Reading Time: 4 minutes

E98: Empathy in Content Creation: Building Resonance through SEO, Email Marketing, and Social Media

Reading Time: 4 minutes

In this episode, Edmund Zaloga from Responsify discusses their content creation and marketing journey. Responsify helps businesses bridge the gap between customer pains and solutions through engaging and informative content. The interview explores the importance of setting expectations and maintaining relationships with clients, different types of clients, and how their agency and software provide value and gamify the marketing and sales process. Listeners also learn about empathizing with the audience, creating resonating content, and the role of AI in generating impactful titles.

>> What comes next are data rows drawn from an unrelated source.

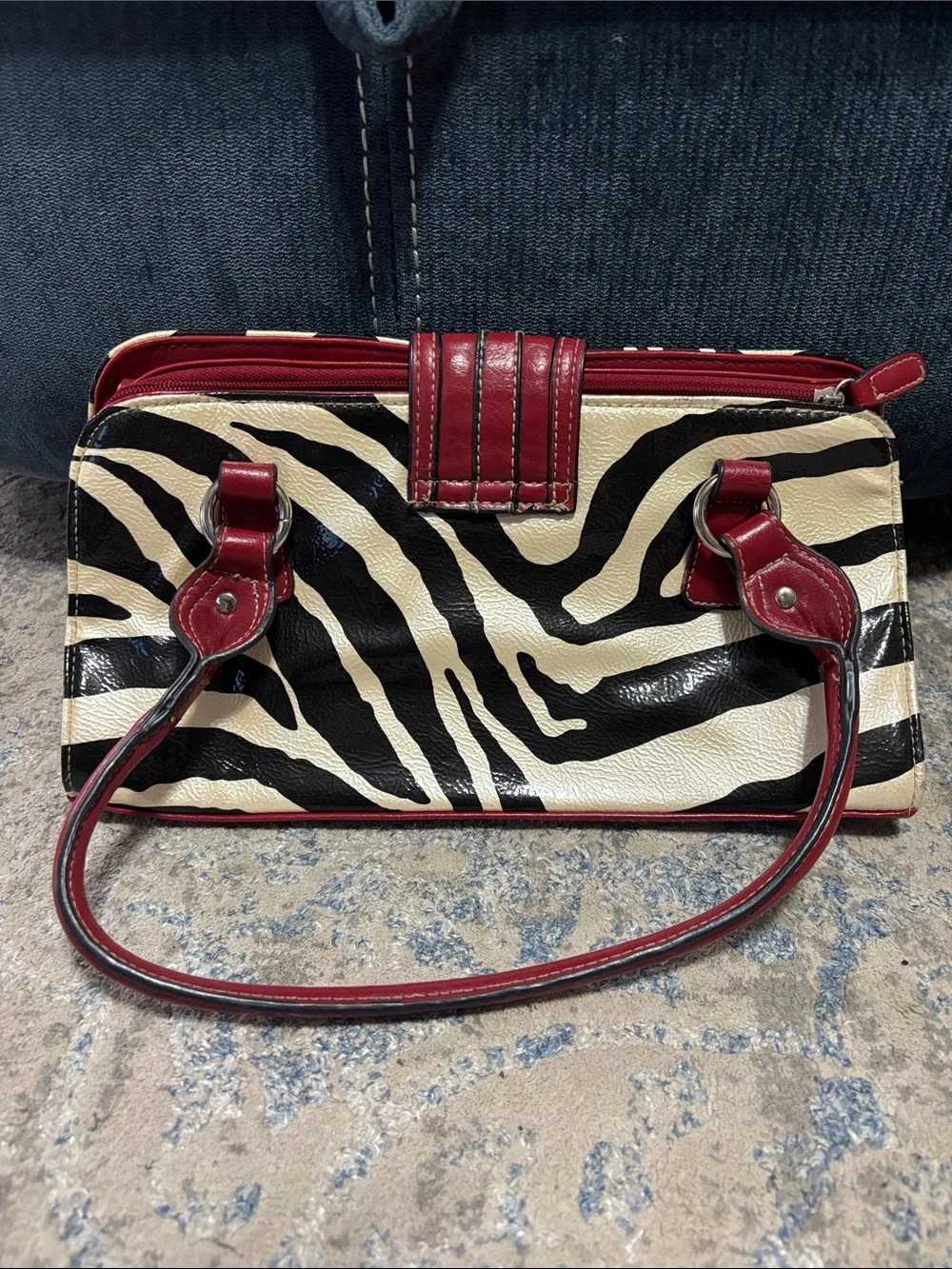 Red and Black Zebra-Print Shoulder Bag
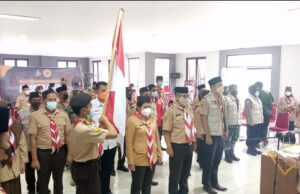 Ketua Harian Kwartir Cabang Gerakan Pramuka Kota Bogor Lantik Satgas Pramuka Peduli dan Mabiran Kwartir Ranting Bogor Timur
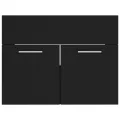 Armoire d'évier avec lavabo intégré Noir Aggloméré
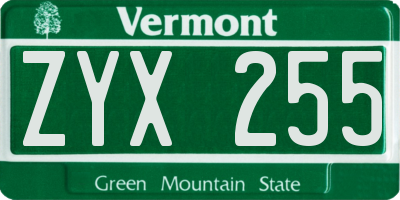 VT license plate ZYX255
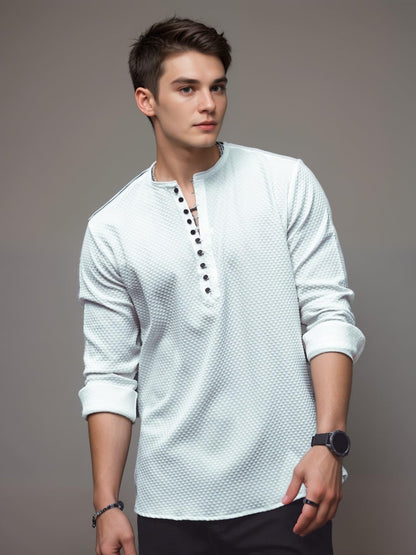 Indoprimo Men'S Regular Fit Imported Knited Casual Kurta Shirt For Men Full Sleeve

Introducing Edmund Zaloga, the Founder and CEO of Responsify, a trailblazing growth content marketing strategy and production service based in Brooklyn, New York. With over a decade of expertise, Edmund specializes in crafting organic content that attracts, converts, and closes new customers. He’s also contributed his creative wisdom as a Part-Time Professor at Pratt Institute and lent his strategic prowess to global brands like HubSpot and BBMG. Here are a few of the topics we’ll discuss on this episode of Hard to Market:
  • Content plays a crucial role in connecting businesses with their target audience.

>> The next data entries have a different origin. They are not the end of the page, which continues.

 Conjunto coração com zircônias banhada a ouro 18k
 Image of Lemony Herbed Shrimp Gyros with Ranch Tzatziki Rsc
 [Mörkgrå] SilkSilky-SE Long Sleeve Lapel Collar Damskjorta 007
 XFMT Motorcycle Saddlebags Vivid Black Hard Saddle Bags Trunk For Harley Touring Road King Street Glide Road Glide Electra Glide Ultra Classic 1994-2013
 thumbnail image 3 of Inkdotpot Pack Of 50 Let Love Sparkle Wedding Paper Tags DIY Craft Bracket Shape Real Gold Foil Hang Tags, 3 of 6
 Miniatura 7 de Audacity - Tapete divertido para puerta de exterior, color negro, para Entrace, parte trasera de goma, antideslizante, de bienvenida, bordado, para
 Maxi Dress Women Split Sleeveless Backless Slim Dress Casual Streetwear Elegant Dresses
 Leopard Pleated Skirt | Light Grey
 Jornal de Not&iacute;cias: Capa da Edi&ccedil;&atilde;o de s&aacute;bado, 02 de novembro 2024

  • Setting clear expectations and being honest with clients helps maintain healthy and productive relationships.
  • Clients who see the agency as a partner are easier and more enjoyable to work with.

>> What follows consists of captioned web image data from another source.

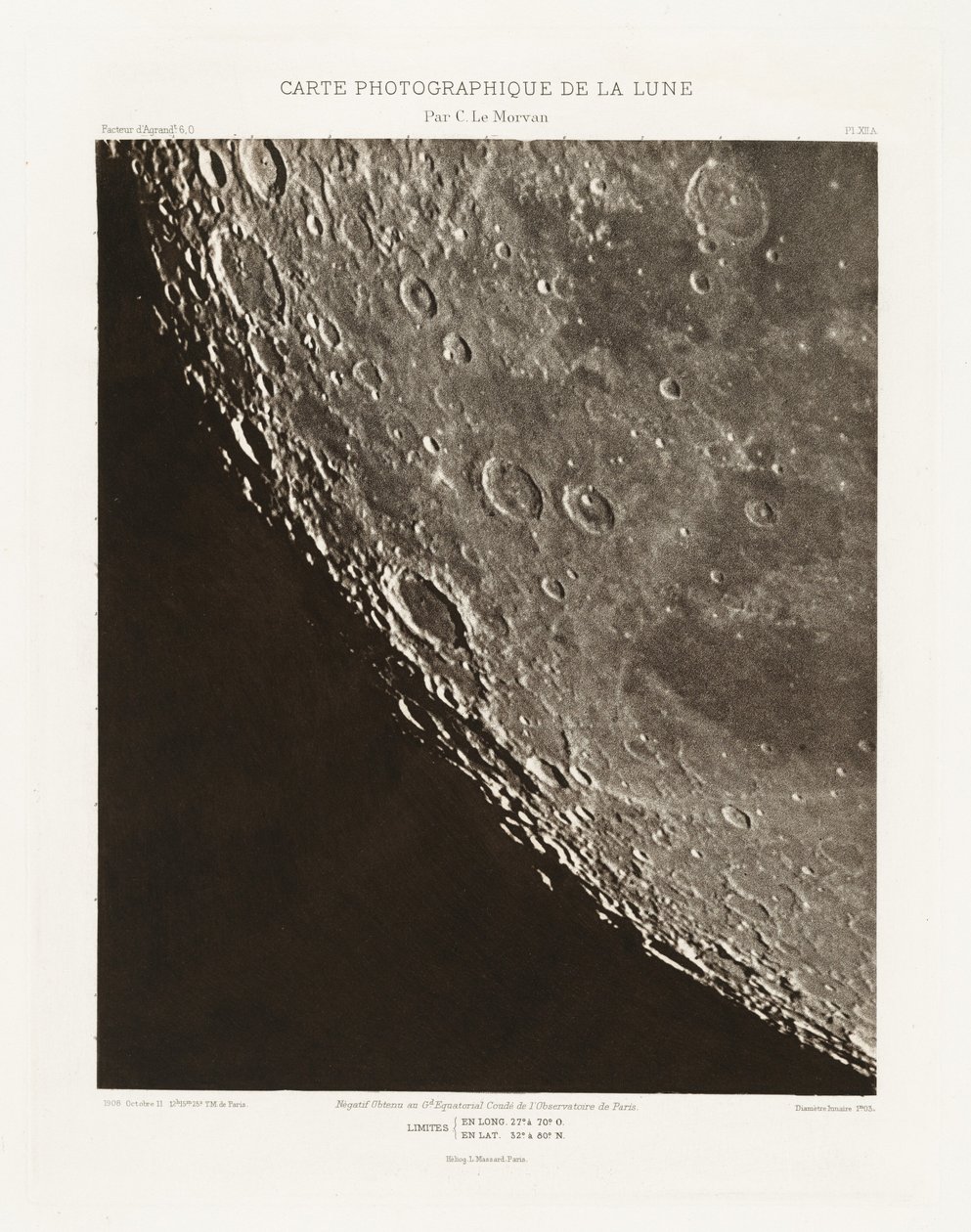 Carte photographique de la lune, planche XII.A (Fotografická mapa Měsíce, deska XII.A),11. října 2013 od Charles le Morvan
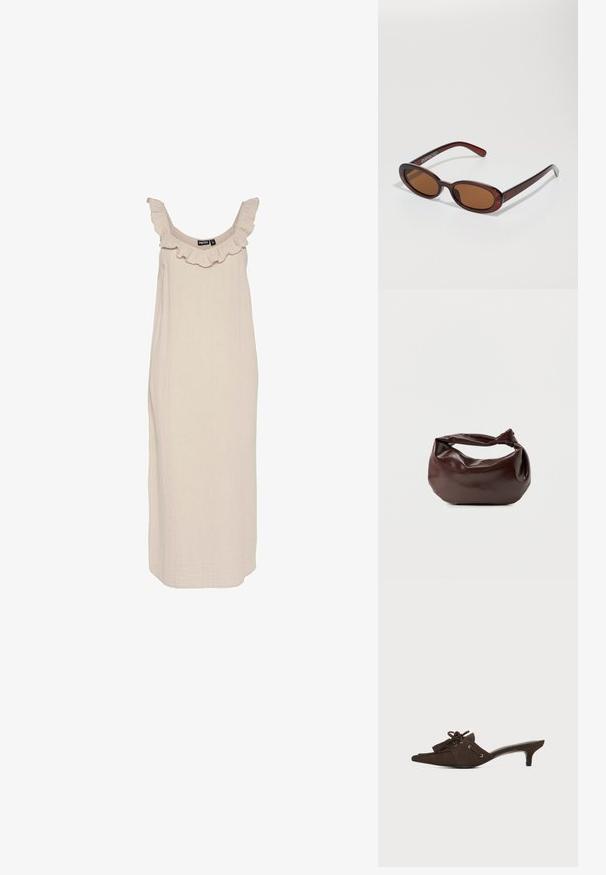 Robe sans manches de couleur beige clair avec un col volanté, faite de tissu texturé, présentant une coupe décontractée et une silhouette droite.; Mule en daim marron avec bout pointu, petit talon kitten, lacets noués en nœud et détails à pompons sur fond blanc.; Lunettes de soleil rondes teinte brun avec une monture bordeaux brillante. Branches fines avec un détail de marque subtil. Design de verres plats.; Sac bandoulière en cuir marron foncé avec une forme souple et décontractée et une anse nouée torsadée sur un fond blanc uni.
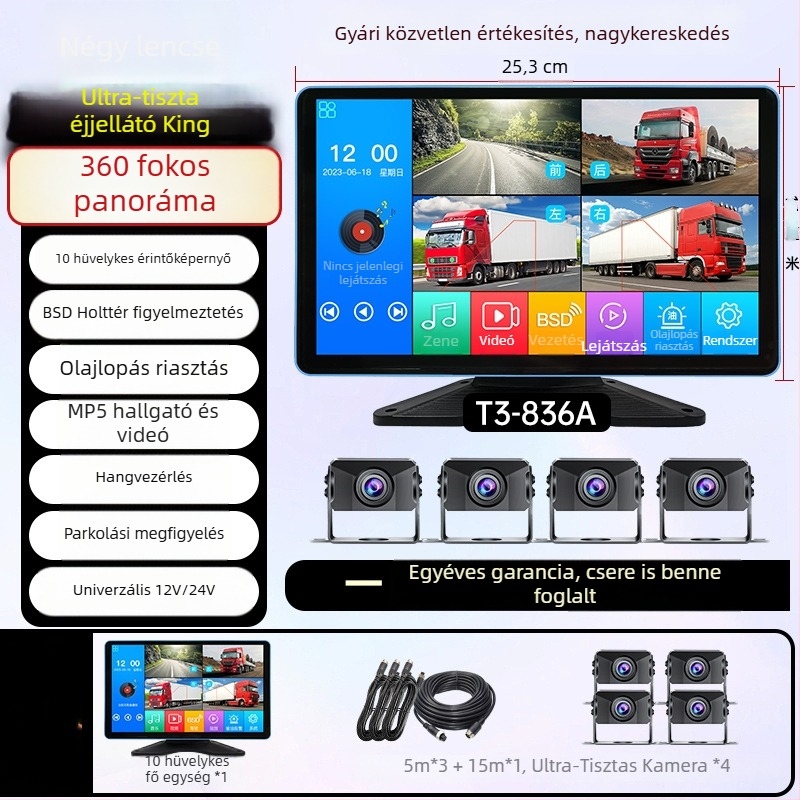 Kamion – Minden az egyben járműhöz rögzített kijelző DVR-rel, 4-utas megfigyelés, 24V, 1080p, 160°, érintőképernyő, hátrameneti kép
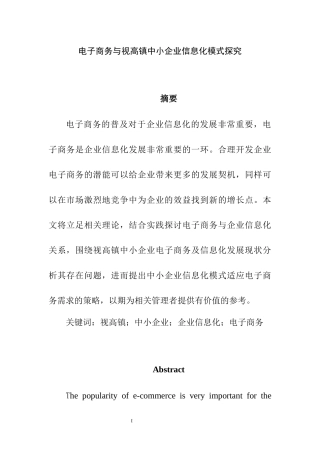 电子商务与视高镇中小企业信息化模式探究  计算机专业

  • The agency is exploring options to expand their services, potentially targeting startups who need assistance with content creation.
  • Understand your audience’s pain points and use SEO to find relevant keywords.
  • Leverage social media, particularly LinkedIn, to strengthen connections and interactions.
  • Seek support from a marketing partner who can help relieve the burden and provide expertise.
Quotable:
  • 02:22 – “You know, ultimately we’re human beings. We like people and companies have websites. They’re all, we all have something to give to the world. The websites are, you know, is meant to represent that and to ultimately, you know, help connect people. And what I found was after interviewing a lot of great CEOs that I had just hounded and, and tried to really get a hold of, they just, they sort of told me the same thing, which is like, Hey, we have a website, you know, we’ve got this really innovative product or service, you know, we’re having a hard time getting people to even find us.”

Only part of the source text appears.